I have also tried to be aware of the effects of both tacit and formative theory, as Le Compte describes these as: ‘the sources of selectivity (and bias) because they create something analogous to a filter that admits relevant data and screens out what does not seem interesting – even if, with hindsight, it could have been useful’ (p. 146). Hopefully, by being informed and aware of these difficulties, I will have been protected from the ‘danger of rampant subjectivity where one finds only what one is predisposed to look for’ (Lather, 1986 – p. 259).
The Method of Analysis I found Miles and Huberman’s (1984 – p. 23) summary of the essential elements of the analytical process, helpful in guiding me through the process. They are as follows: This first section for me could well have been entitled ‘reading and immersion in’ data. I listened to the tapes, read through the transcribed data, summaries and theoretical notes all several times. I checked again that the transcripts were an accurate account of the interviews and found the tapes to be more helpful in recalling the interview than the transcripts.
This was not because of any inaccuracy in the transcripts, but by replaying the tapes memories of the interview seemed to be reconstructed more vividly. They also gave me time to critically question and the opportunity to correct possible false interpretations. As Drever states (p. 62), a transcript cannot ‘capture the interplay of question and answer and the emphasis and added meaning construed through intonation and body language’. Through reading and immersion in the data, patterns began to emerge which led naturally into the next section – that of selecting and categorising the data.

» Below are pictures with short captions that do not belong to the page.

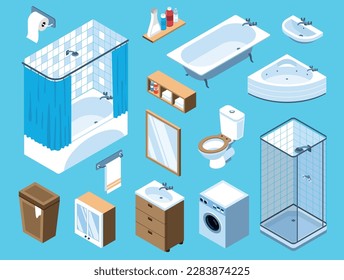 Isometric set of elements for bathroom interior with toilet bathtub washbasin washing machine furniture and accessories isolated on blue background 3d vector illustration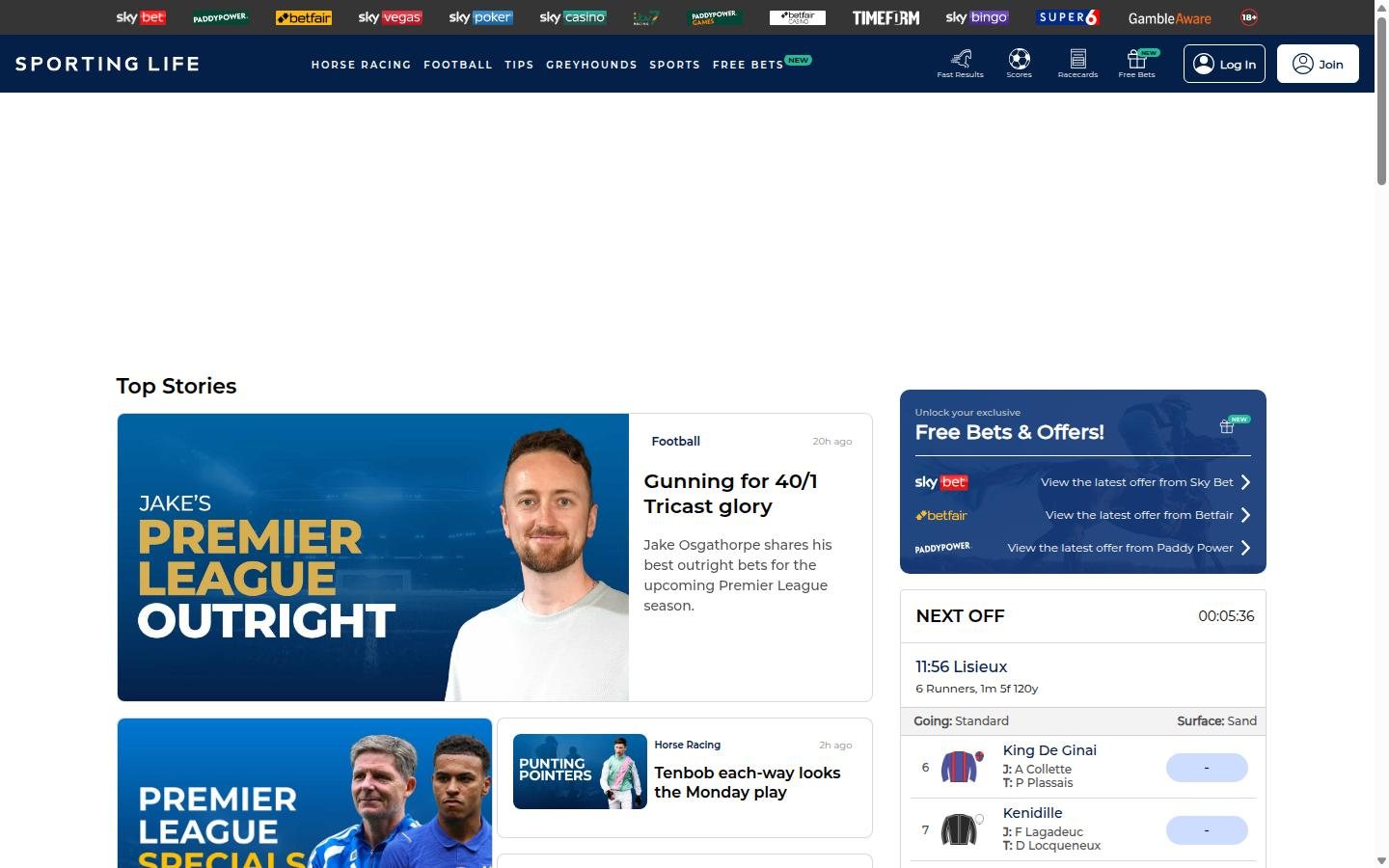 Sporting Life homepage screenshot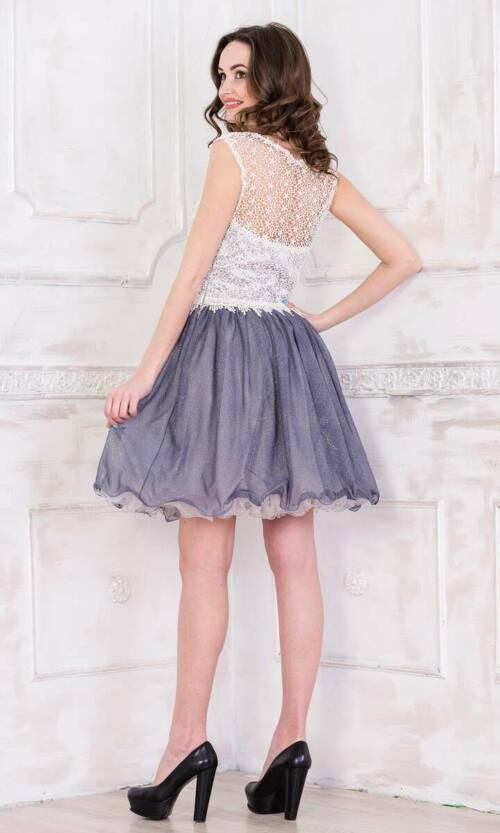 Сіра Коктейльна сукня макраме євросіткою 5083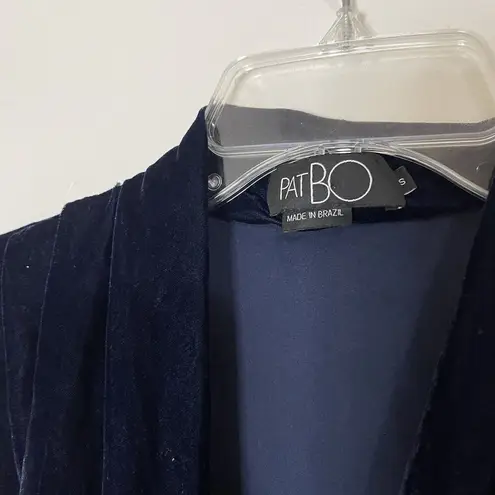 PatBO Velvet wrap Vneck plunge Blue long sleeve wrap top size Small Blue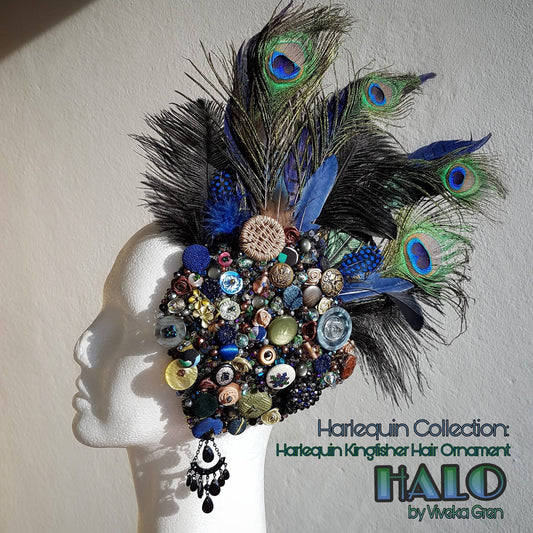 Harlequin Collection: The Harlequin Kingfisher hair ornament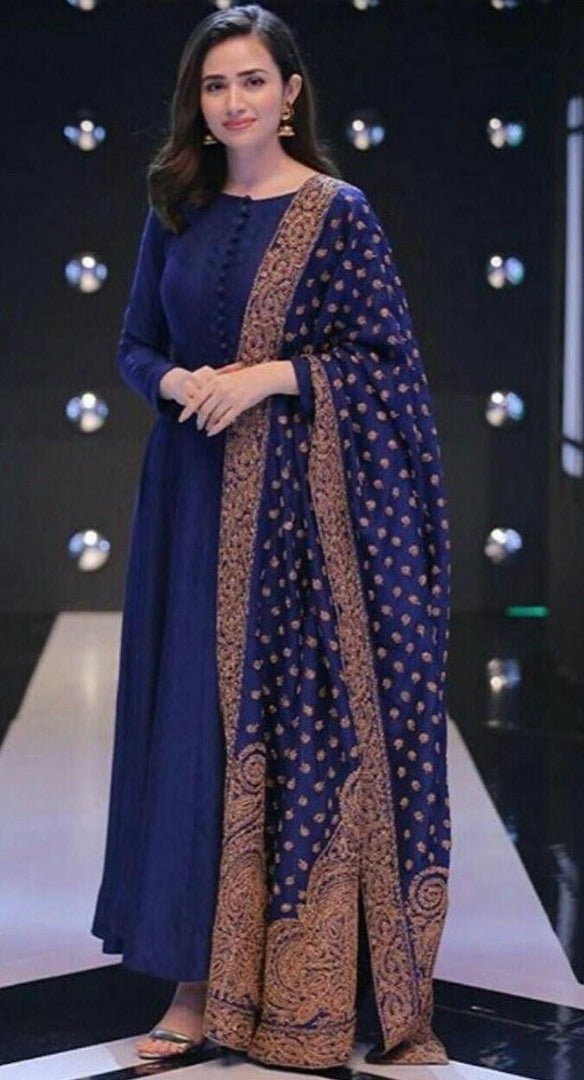 Blue phantom plain button work gown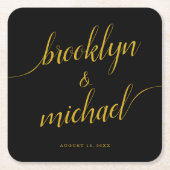 新結婚郎新婦の手書き スクエアペーパーコースター (正面)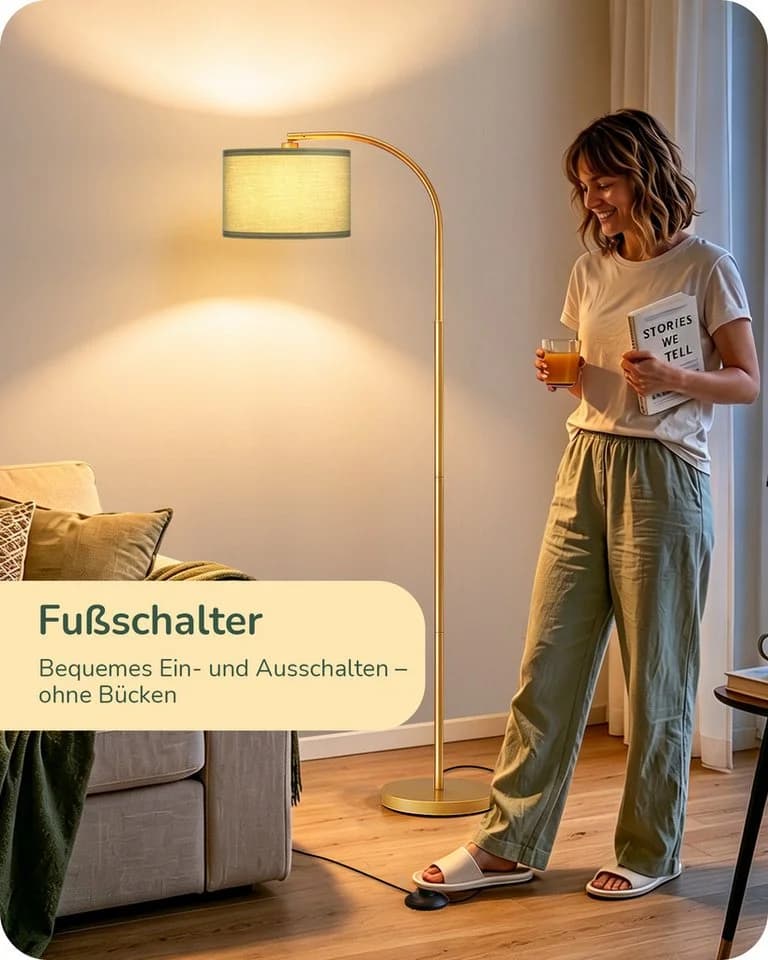 EDISHINE Bogenlampe Stehlampe E27 LED inklusive Gold Beige - Bild 4
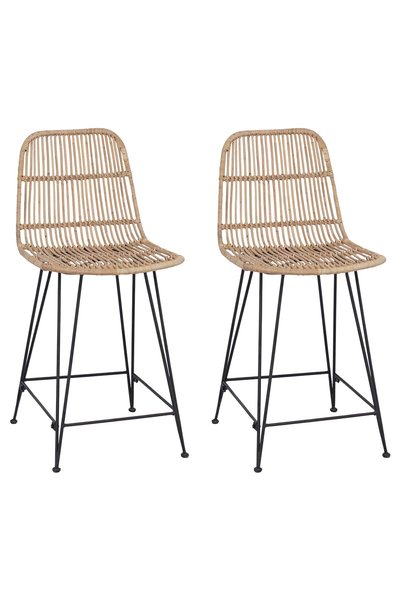 vidaxl Scaun de bar 2 buc. 44 x 54 x 96 cm Rattan și oțel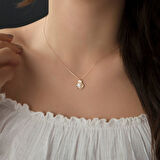 İstiridye Altın Kolye 14K Rose Gold Yeni Model
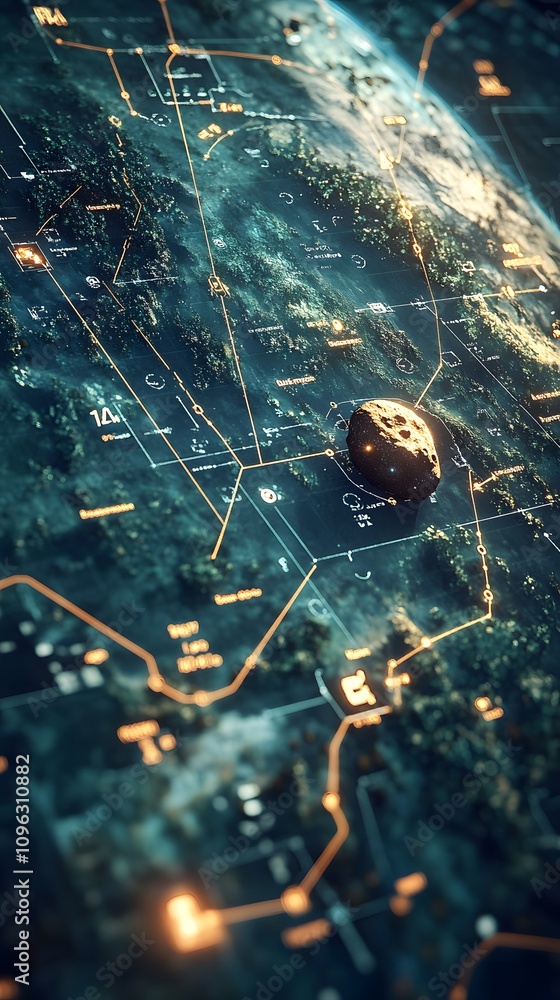 Poster a detailed digital map featuring an asteroid and interconnected pathways.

Selecting and Categorising Data I then began to select or sort the data into categories or groups by comparing and contrasting statements (Glaser and Strauss, 1967), and by identifying patterns or ‘things that go together’ (LeCompte – p. 150). Some of the selection of data was determined by the frequency of certain responses, other by the fact that they are not mentioned at all. As mentioned earlier, the interview schedule was specifically divided into categories using Hay McBer’s nine dimensions of classroom climate measures (these are described in the questions section of Methodology).